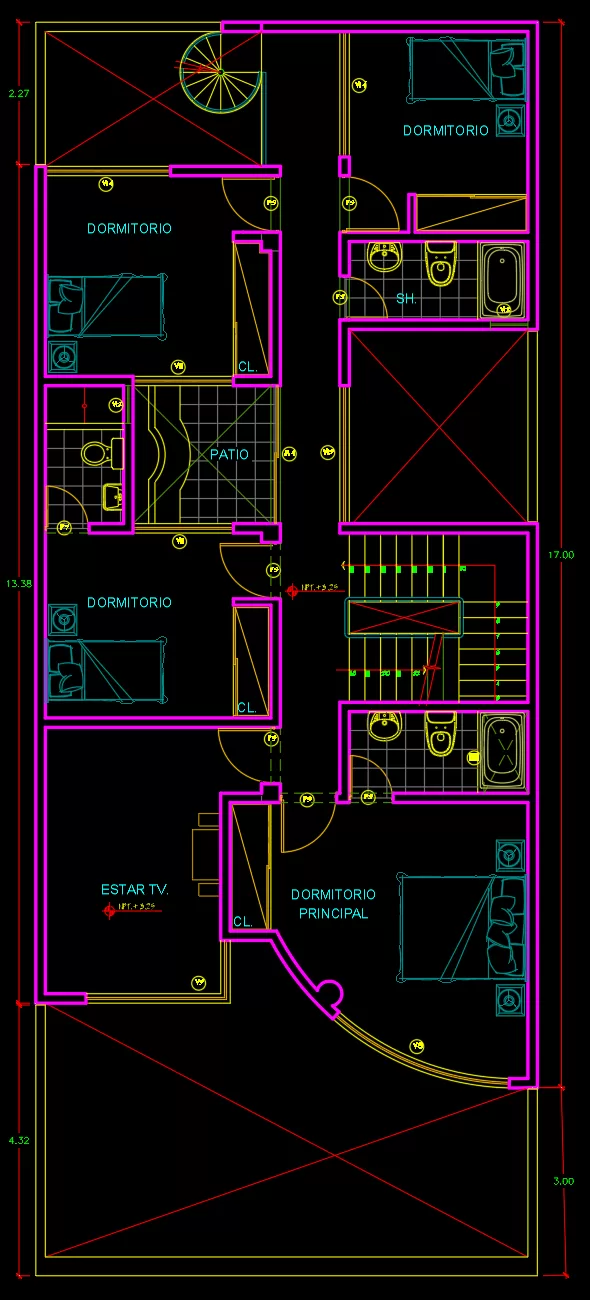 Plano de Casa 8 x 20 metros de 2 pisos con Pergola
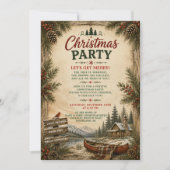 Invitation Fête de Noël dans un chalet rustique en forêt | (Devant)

* * *

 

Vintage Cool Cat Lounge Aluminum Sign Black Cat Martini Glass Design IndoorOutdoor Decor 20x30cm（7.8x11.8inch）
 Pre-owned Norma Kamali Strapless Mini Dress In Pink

## What is expected
Going back over the entries above, copy word for word every line from the one that has "Vintage Cool Cat" on through the one that has "Pre-owned Norma Kamali".

## Exercise answer
Vintage Cool Cat Lounge Aluminum Sign Black Cat Martini Glass Design IndoorOutdoor Decor 20x30cm（7.8x11.8inch）
 Pre-owned Norma Kamali Strapless Mini Dress In Pink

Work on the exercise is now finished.